Заезжий иностранец порой видит, как русский крестьянин бьет земные поклоны перед иконой и раз за разом машинально крестится. Он скажет — это лишь пустой ритуал, не имеющий духовного значения. Но он будет не прав. Для русского крестьянина обряды и ритуалы его веры — нечто само собой разумеющееся. В их соблюдении он не более суеверен, чем суеверен англичанин, когда обнажает голову перед полковым знаменем. Если говорить о русском крестьянине, то для него неукоснительное соблюдение обрядов и ритуалов столь же естественно, столь же основано на здравом смысле, как и та неколебимая вера в Бога, в силу и волю Провидения, которую столь наглядно иллюстрирует Гарин в приведенном выше отрывке.

Русский крестьянин видит истинное соотношение вещей. Он верит в Бога естественным образом, поскольку существование Бога для него очевидно. Он ходит в церковь и соблюдает формальности своей религии, поскольку для него очевидно, что это правильно, как простой гражданин Англии считает правильным встать, когда заиграют «Боже, храни короля».

В других вопросах русский крестьянин может быть и бывает суеверным, но эти суеверия не вытекают из его религиозности. Его суеверия, как и у других народов, связаны с традицией; так, он верит в домового — духа, обитающего в доме, некогда хорошо известного и английскому крестьянину под именем духа-проказника. Мильтон[57] же называет его гоблином:

Другой о домовых толкует —О Джеке с фонарем, о том,Как Гоблин к ним забрался в дом,Взял кринку сливок и за этоТак много им зерна до светаУспел намолотить один,Что впору дюжине мужчин.Затем косматый гость наелся,У очага чуть-чуть погрелся,Шмыгнул за дверь и был таковЕще до первых петухов.

В России просто считается, что домовой обитает в домах. Не думаю, что кто-то приписывает ему склонность к трудолюбию. Он добродушен, но капризен. Домовой есть в каждом доме, он живет в уголке под полом. Если вы переезжаете в новый дом, следует уведомить об этом домового и пригласить его с собой. Забудете это сделать — и домовой обидится, останется на старом месте и будет враждебно относиться к другому домовому, которого привел с собой новый жилец. Два домовых начнут драться, бить посуду и ломать мебель, и так будет продолжаться до тех пор, пока не придет первый обитатель и не пригласит своего домового в новое жилище. После этого все опять будет в порядке.

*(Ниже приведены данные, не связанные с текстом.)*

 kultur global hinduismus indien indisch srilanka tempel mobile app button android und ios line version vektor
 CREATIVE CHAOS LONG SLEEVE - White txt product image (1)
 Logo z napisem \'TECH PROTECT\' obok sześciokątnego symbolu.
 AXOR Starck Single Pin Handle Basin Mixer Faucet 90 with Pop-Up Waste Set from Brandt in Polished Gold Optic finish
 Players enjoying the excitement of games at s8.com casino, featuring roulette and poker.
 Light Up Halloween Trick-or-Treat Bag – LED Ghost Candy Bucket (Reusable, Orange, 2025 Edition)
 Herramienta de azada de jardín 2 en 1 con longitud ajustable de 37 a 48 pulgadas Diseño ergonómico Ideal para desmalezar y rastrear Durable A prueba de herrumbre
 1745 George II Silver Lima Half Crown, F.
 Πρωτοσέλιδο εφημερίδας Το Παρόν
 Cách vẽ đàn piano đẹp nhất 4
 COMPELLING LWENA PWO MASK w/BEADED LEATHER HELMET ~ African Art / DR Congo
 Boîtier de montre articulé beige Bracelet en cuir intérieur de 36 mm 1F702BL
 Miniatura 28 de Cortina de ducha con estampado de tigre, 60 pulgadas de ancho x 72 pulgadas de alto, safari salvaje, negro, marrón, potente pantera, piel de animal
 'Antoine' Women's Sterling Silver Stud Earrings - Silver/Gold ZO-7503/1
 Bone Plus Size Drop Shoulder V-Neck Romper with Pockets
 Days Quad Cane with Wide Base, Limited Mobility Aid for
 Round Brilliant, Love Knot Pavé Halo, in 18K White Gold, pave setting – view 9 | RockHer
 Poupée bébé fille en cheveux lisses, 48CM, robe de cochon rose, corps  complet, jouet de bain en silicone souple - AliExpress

Гарин рассказывает: «Спросишь [мужика]:

— Что же, по-твоему, домовой — чёрт?

Обидится: зачем чёрт — он худого не делает.

— Ангел, значит?

Плюнет даже.

— Один грех с тобой. Какой же ангел, когда он мохнатый?»[58].

Итак, крестьянин согласен с Мильтоном: у домового косматая шкура.

Домовой играет в семье роль своеобразного нравственного барометра, предсказывая будущие радости и горе. За ужином люди слышат, как он скребется, и тогда старший в семье спрашивает, что их ждет — хорошее или плохое. Если впереди что-то плохое, домовой бормочет «ху» (от русского слова «худо»), если хорошее — «ддд» («добро»).

В двух словах все это можно подытожить так: религия для русского крестьянина, если мы проанализируем этот вопрос (чего сам крестьянин, конечно, никогда делать не станет), — это рабочая гипотеза мироздания или, как выразился Мэтью Арнолд[59], «критика жизни», но кроме того еще и решение, философия, которую он почерпнул не из книг, не от профессоров или учителей, а из самой жизни. Она — плод его врожденного здравого смысла. И, соблюдая религиозные ритуалы, он опять же следует тому, что ему диктует: а) здравый смысл и б) обычай, существующий с незапамятных времен.

Перейти на страницу:

Похожие книги

Россия подземная. Неизвестный мир у нас под ногами
Россия подземная. Неизвестный мир у нас под ногами

Если вас манит жажда открытий, извечно присущее человеку желание ступить на берег таинственного острова, где еще никто не бывал, увидеть своими глазами следы забытых древних культур или встретить невиданных животных, — отправляйтесь в таинственный и чудесный подземный мир Центральной России.Автор этой книги, профессиональный исследователь пещер и краевед Андрей Александрович Перепелицын, собравший уникальные сведения о «Мире Подземли», утверждает, что изучен этот «параллельный» мир лишь процентов на десять. Причем пещеры Кавказа и Пиренеев, где соревнуются спортсмены-спелеологи, нередко известны гораздо лучше, чем подмосковные или приокские подземелья — истинная «терра инкогнита», ждущая первооткрывателей.Научно-популярное издание.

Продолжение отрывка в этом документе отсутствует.